The audit plan should cover or reference the following:
a) the audit objectives;
b) the audit scope, including identification of the organizational and functional units, as well as processes to be audited;
c) the audit criteria and any reference documents;
d) the locations, dates, expected time and duration of audit activities to be conducted, including meetings with the auditee’s management;
e) the audit methods to be used, including the extent to which audit sampling is needed to obtain sufficient audit evidence and the design of the sampling plan, if applicable;
f) the roles and responsibilities of the audit team members, as well as guides and observers;
g) the allocation of appropriate resources to critical areas of the audit.

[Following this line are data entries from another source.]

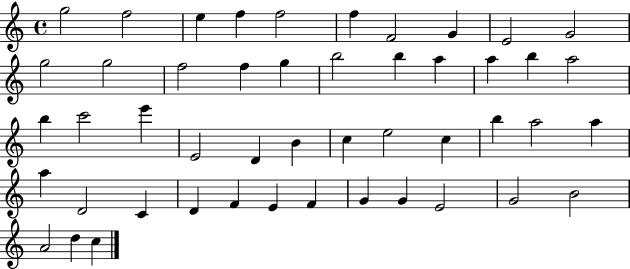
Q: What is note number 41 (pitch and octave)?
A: G4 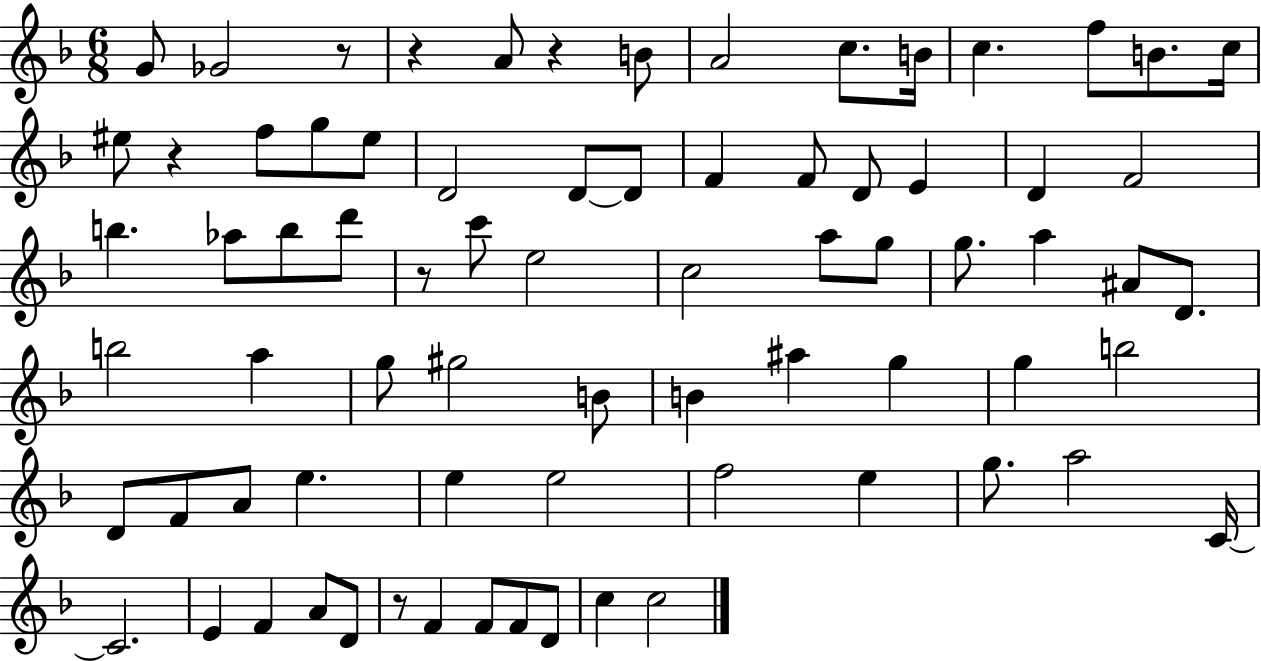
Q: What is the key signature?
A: F major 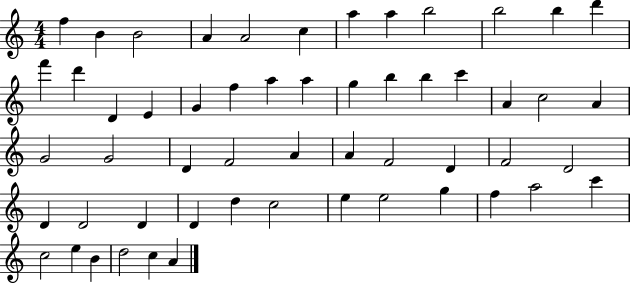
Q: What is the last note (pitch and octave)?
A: A4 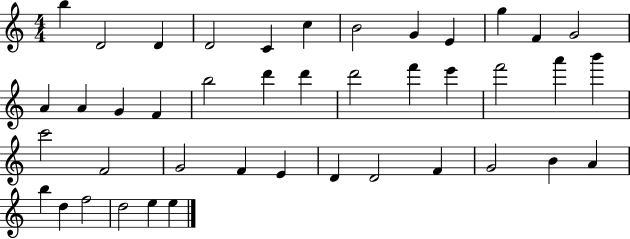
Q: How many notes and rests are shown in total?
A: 42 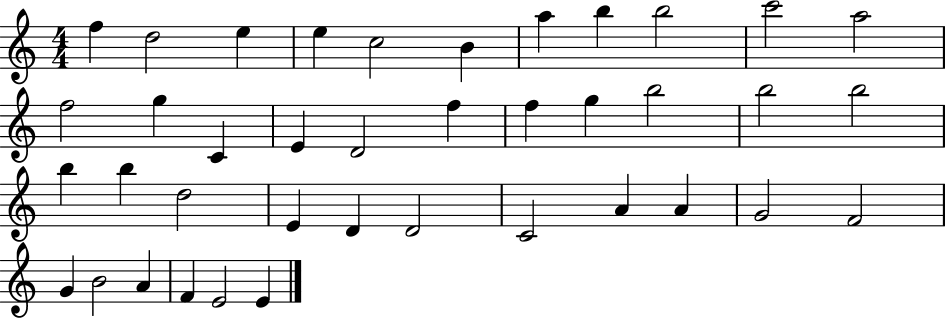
X:1
T:Untitled
M:4/4
L:1/4
K:C
f d2 e e c2 B a b b2 c'2 a2 f2 g C E D2 f f g b2 b2 b2 b b d2 E D D2 C2 A A G2 F2 G B2 A F E2 E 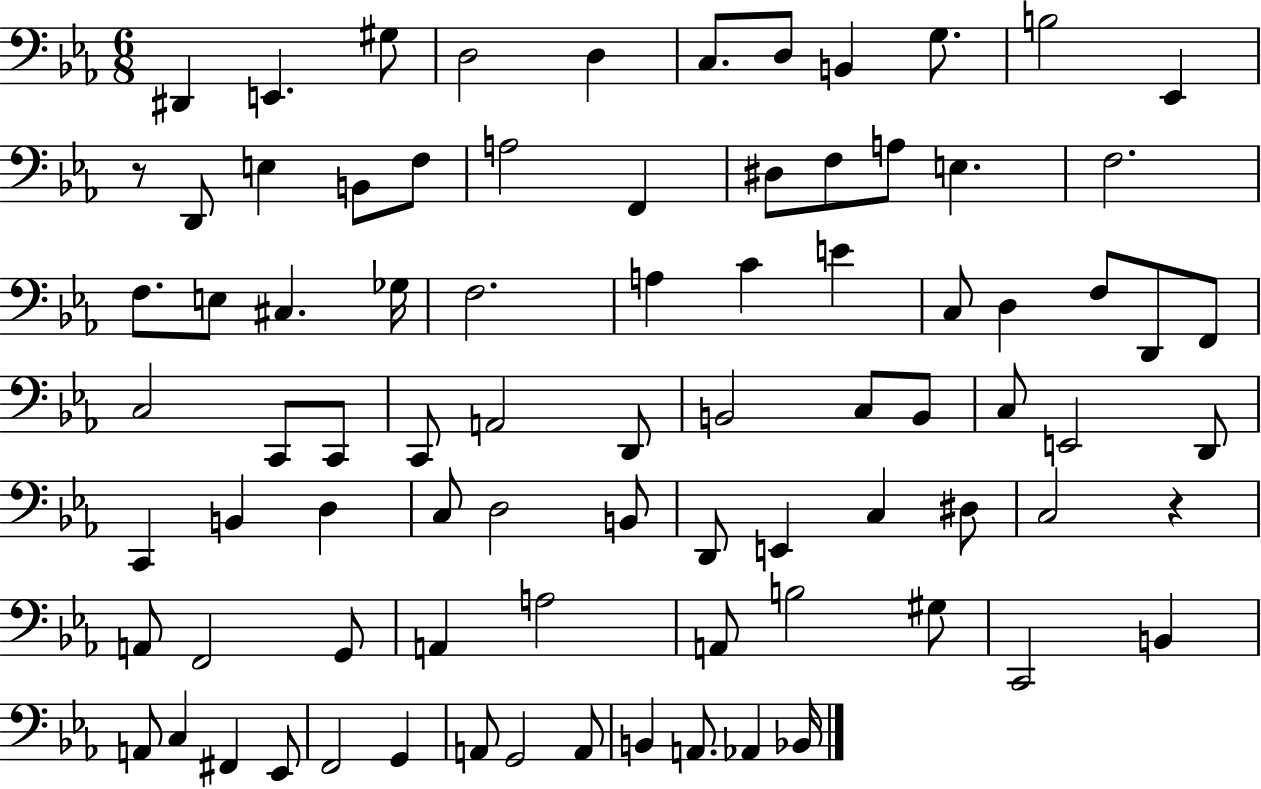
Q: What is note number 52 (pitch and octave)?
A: D3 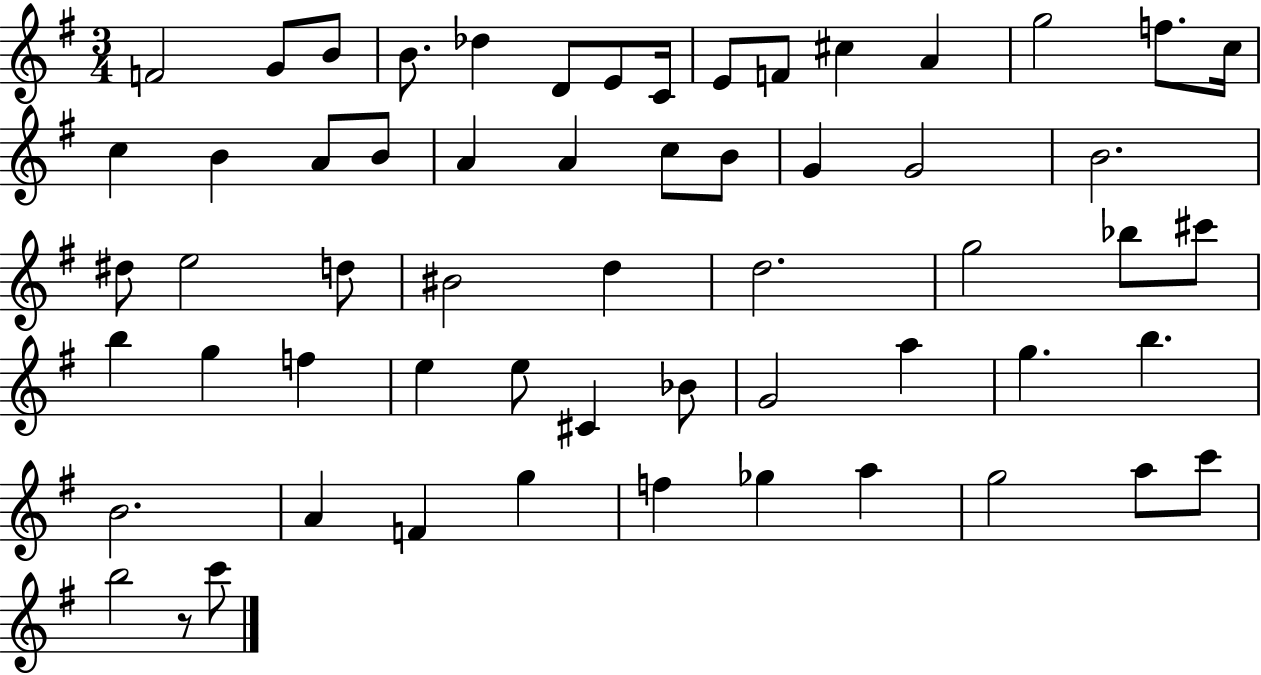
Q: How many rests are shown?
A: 1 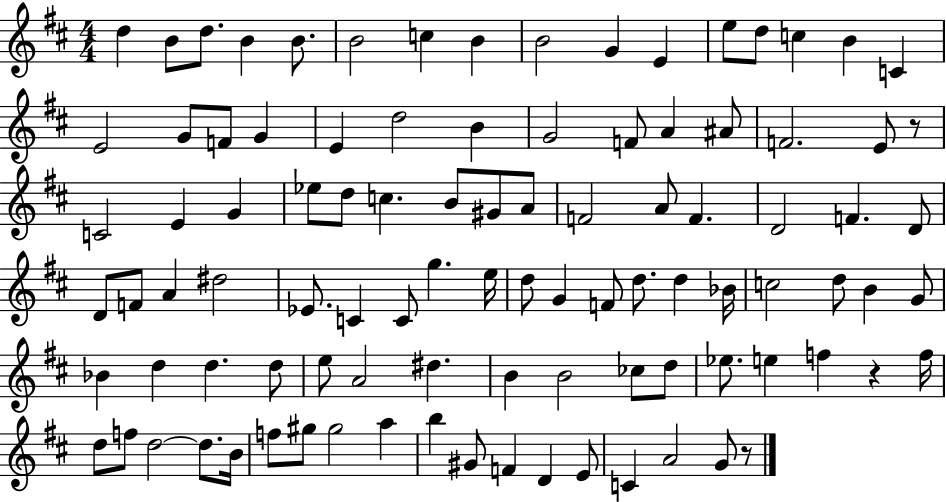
X:1
T:Untitled
M:4/4
L:1/4
K:D
d B/2 d/2 B B/2 B2 c B B2 G E e/2 d/2 c B C E2 G/2 F/2 G E d2 B G2 F/2 A ^A/2 F2 E/2 z/2 C2 E G _e/2 d/2 c B/2 ^G/2 A/2 F2 A/2 F D2 F D/2 D/2 F/2 A ^d2 _E/2 C C/2 g e/4 d/2 G F/2 d/2 d _B/4 c2 d/2 B G/2 _B d d d/2 e/2 A2 ^d B B2 _c/2 d/2 _e/2 e f z f/4 d/2 f/2 d2 d/2 B/4 f/2 ^g/2 ^g2 a b ^G/2 F D E/2 C A2 G/2 z/2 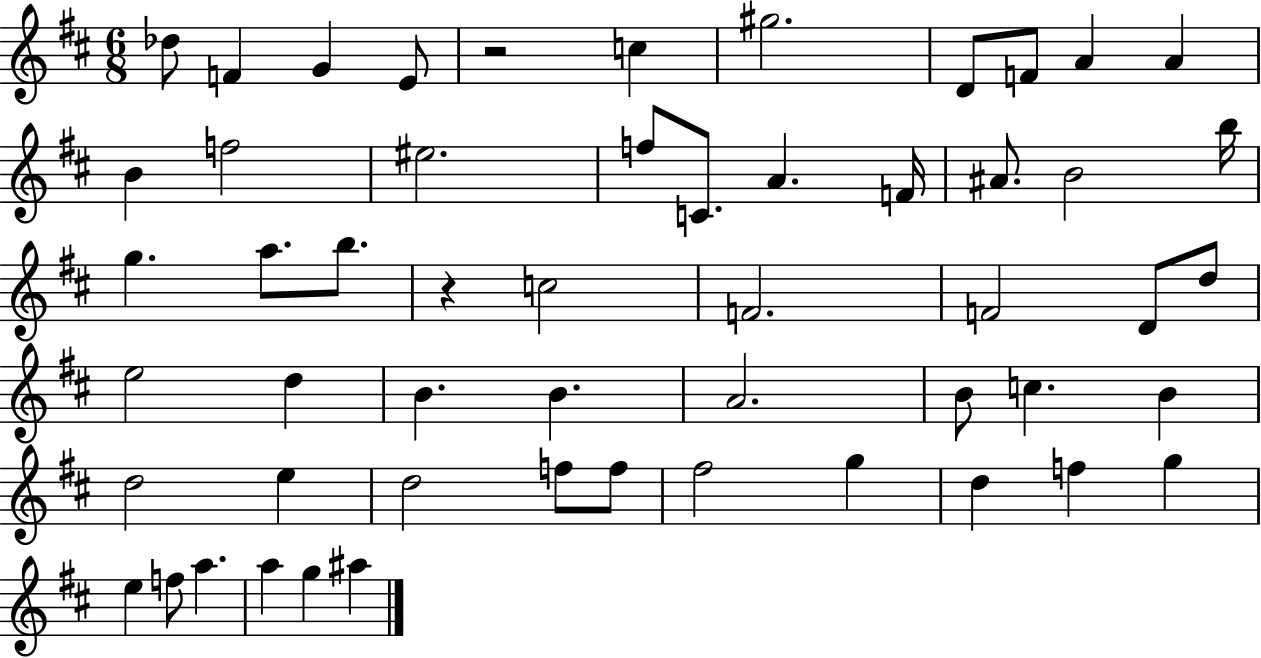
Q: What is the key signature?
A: D major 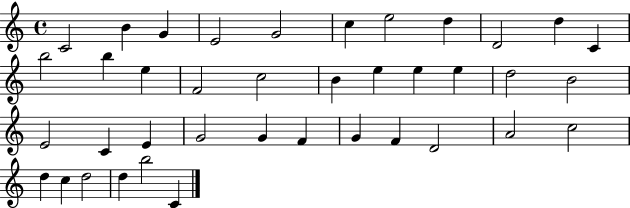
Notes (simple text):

C4/h B4/q G4/q E4/h G4/h C5/q E5/h D5/q D4/h D5/q C4/q B5/h B5/q E5/q F4/h C5/h B4/q E5/q E5/q E5/q D5/h B4/h E4/h C4/q E4/q G4/h G4/q F4/q G4/q F4/q D4/h A4/h C5/h D5/q C5/q D5/h D5/q B5/h C4/q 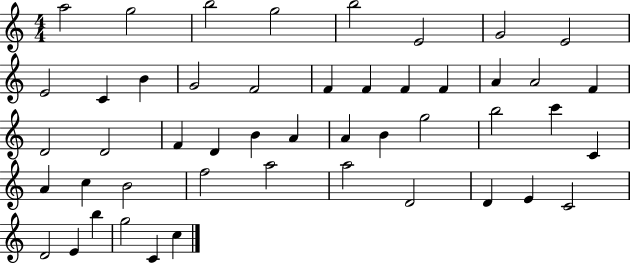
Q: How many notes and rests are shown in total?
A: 48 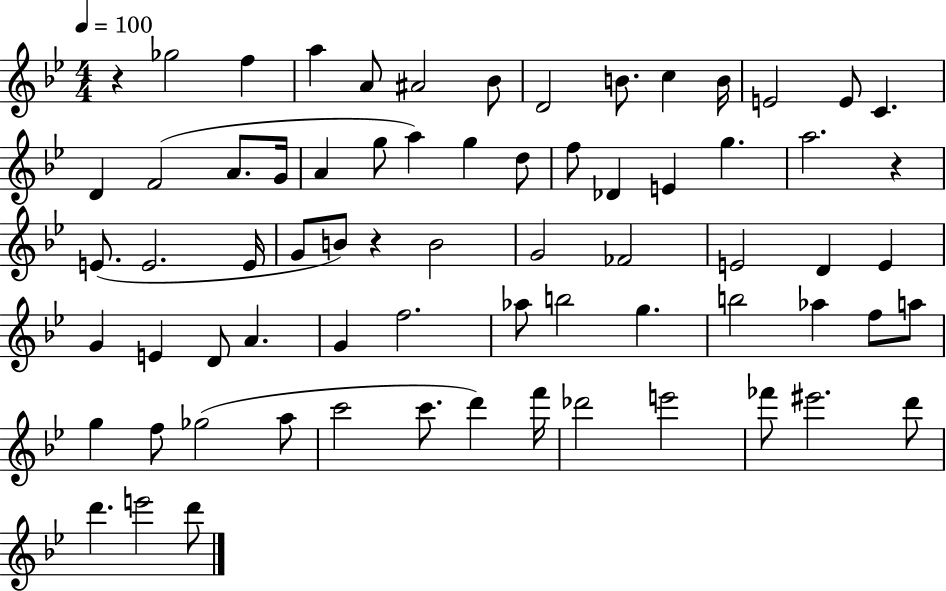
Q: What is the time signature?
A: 4/4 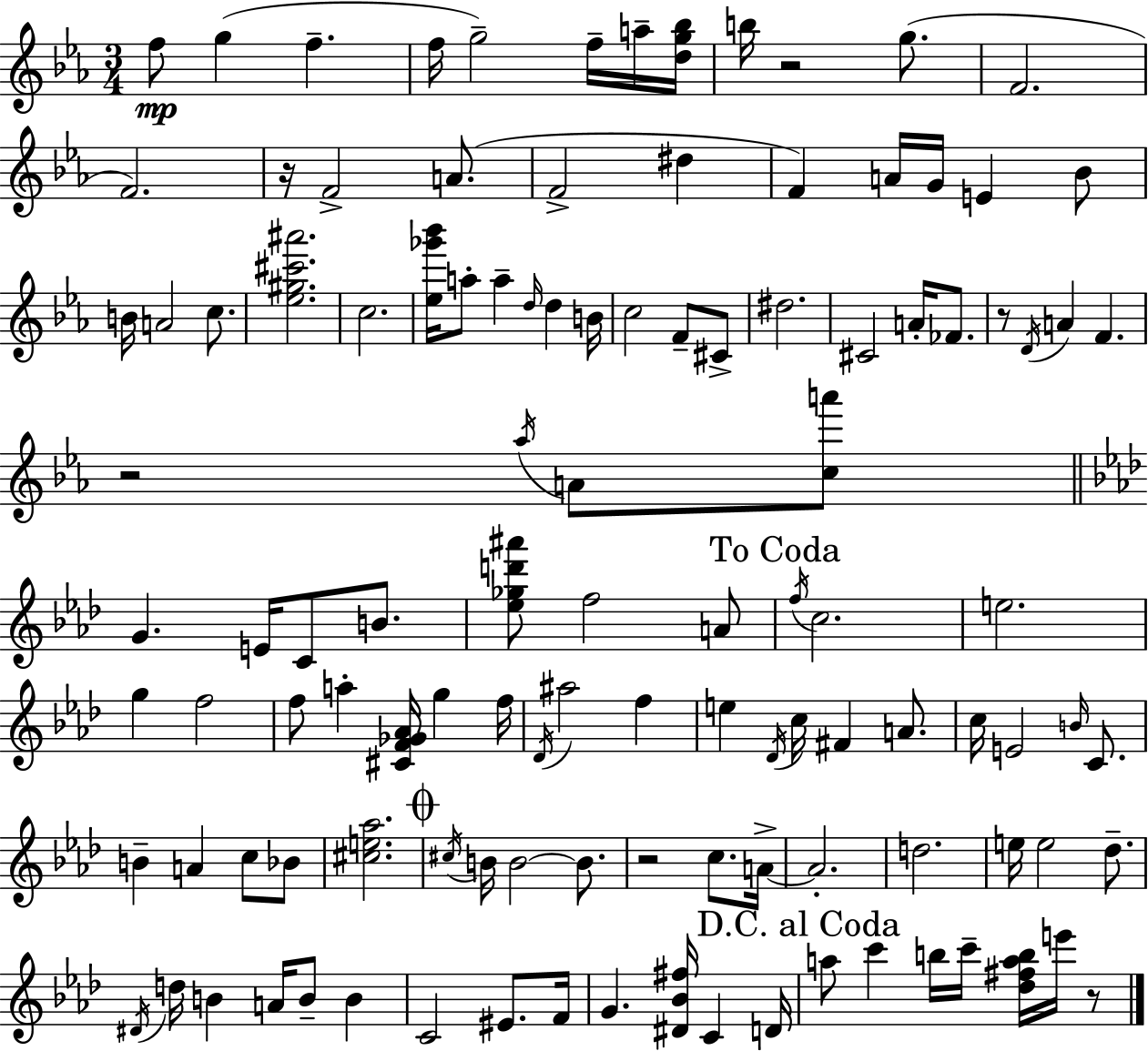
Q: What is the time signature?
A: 3/4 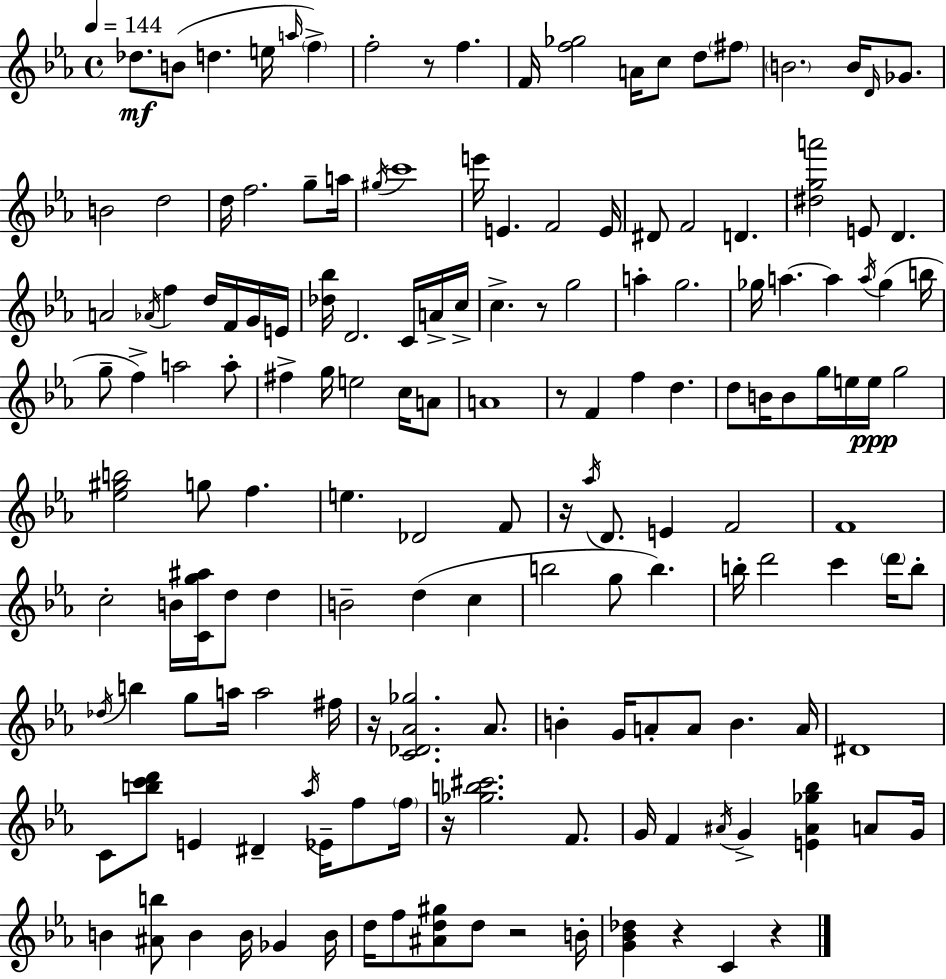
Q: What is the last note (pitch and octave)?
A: C4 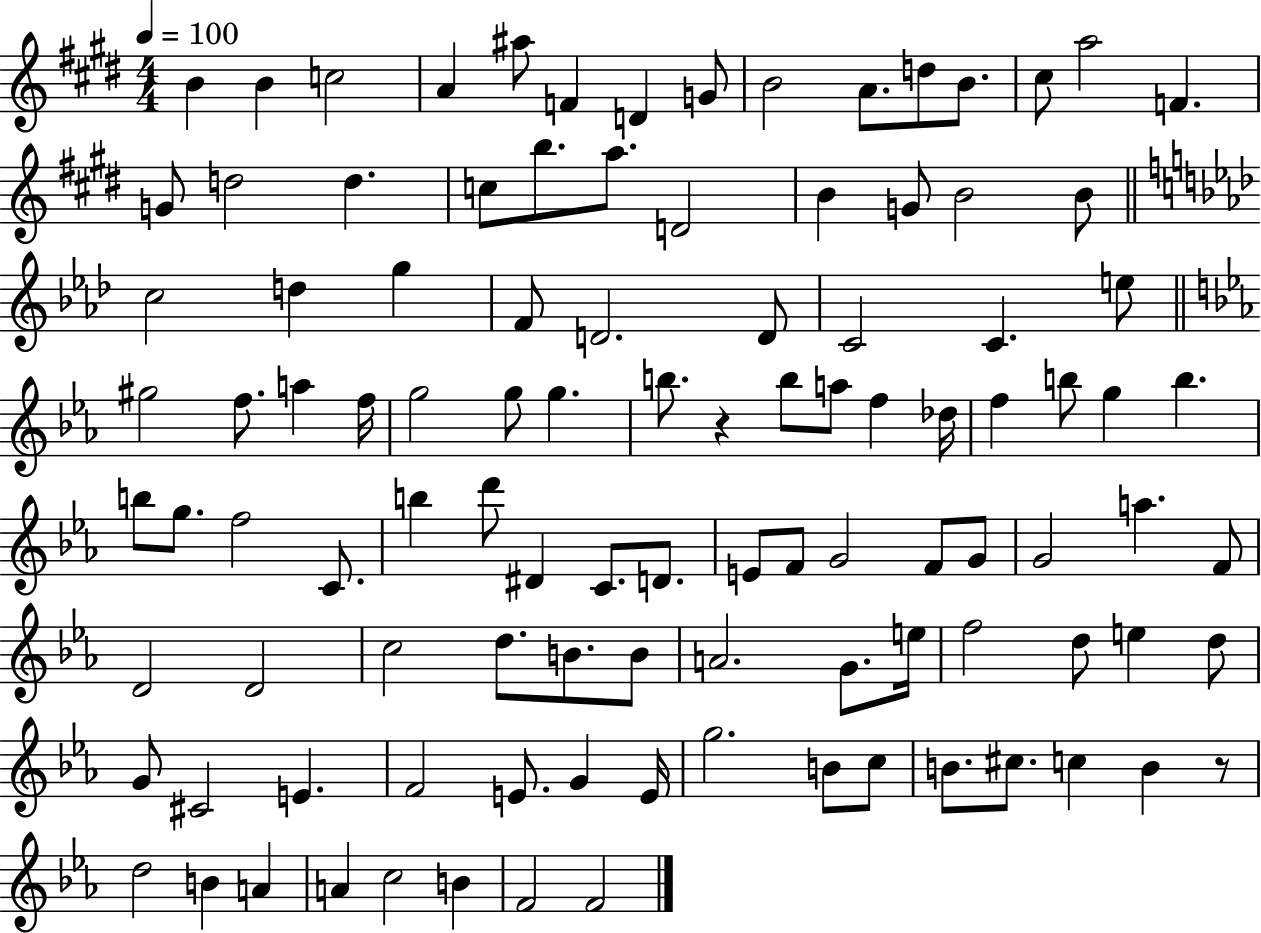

The audit plan may also cover the following, as appropriate:
- identification of the auditee’s representative for the audit;
- the working and reporting language of the audit where this is different from the language of the auditor or the auditee or both;
- the audit report topics;
- logistics and communications arrangements, including specific arrangements for the locations to be audited;
- any specific measures to be taken to address the effect of uncertainty on achieving the audit objectives;
- matters related to confidentiality and information security;
- any follow-up actions from a previous audit;
- any follow-up activities to the planned audit;
- coordination with other audit activities, in case of a joint audit.
The audit plan may be reviewed and accepted by the audit client, and should be presented to the auditee. Any objections by the auditee to the audit plan should be resolved between the audit team leader, the auditee and the audit client.